Had a situation arise yesterday where a coworker was wanting to extend an LVM Volume Group across two disks. It’s actually really simple to do.
The first thing we do is use vgdisplay to show original info for the Volume Group. Notice how when you look at this, the Free PE Size is 0MB.
[root@nfsen01 ~]# vgdisplay
— Volume group —
VG Name VolGroup00
Metadata Areas 1
Metadata Sequence No 3
VG Access read/write
VG Status resizable
MAX LV 0
Cur LV 2
Open LV 2
Max PV 0
Cur PV 1
Act PV 1
VG Size 2.88 GB
PE Size 32.00 MB
Total PE 92
Alloc PE / Size 92 / 2.88 GB
Free PE / Size 0 / 0
VG UUID XXXXXXXXXXXXXXXXXXXXXXXXXX
To create the LVM PV on your new new disk follow these steps.
Now we will probe for the new linux partition without rebooting:
partx -v -a /dev/sdb
Assuming you are using sdb1 as your drive, extending the Volume Group is as simple as:
vgextend VolGroup00 /dev/sdb1
And this will extend the volume across the entire disk.

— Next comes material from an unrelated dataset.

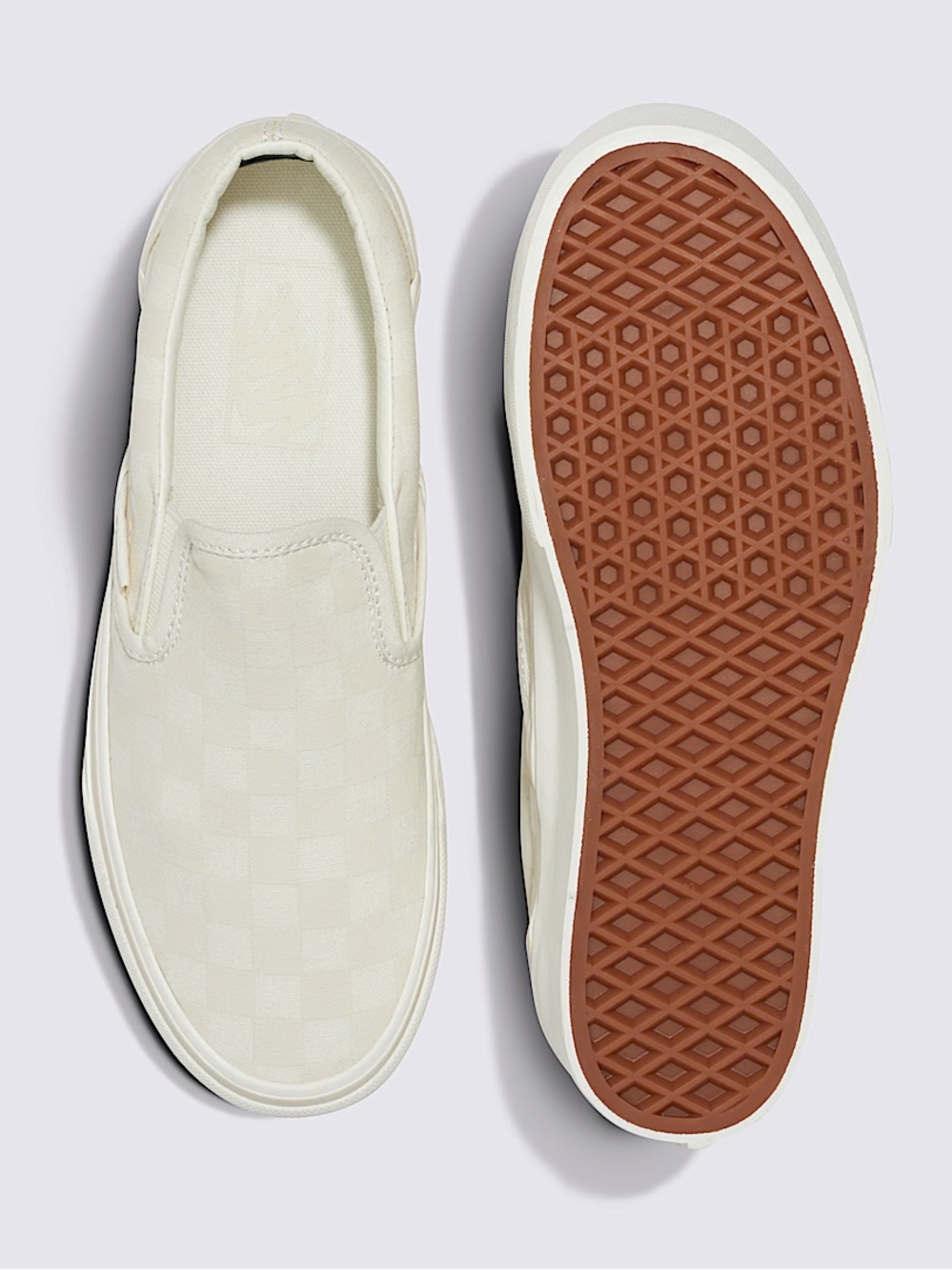Vans Platform Slip-On Sneakers in Cream Checkered - Picture 2 of 4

You should be able to run vgdisplay again and see your free PE size went up.
What you have to do next is extend the Logical Volume for the disk. This is optional depending on your objectives, if you wanted a common VG and wanted to create new volumes you can do it at your convenience now.
lvextend -L +931.51G /dev/mapper/VolGroup00-LogVol00
Assuming you’re running EXT3 you would use this command. For other file systems on top of LVM your milage may vary; Consult your documentation.
resize2fs /dev/mapper/VolGroup00-LogVol00 -p
After this is done you should be able to use df -h on the drive, and see your partition has been enlarged. This can even be done while the system is active, there’s no need for any boot CDs or the likes.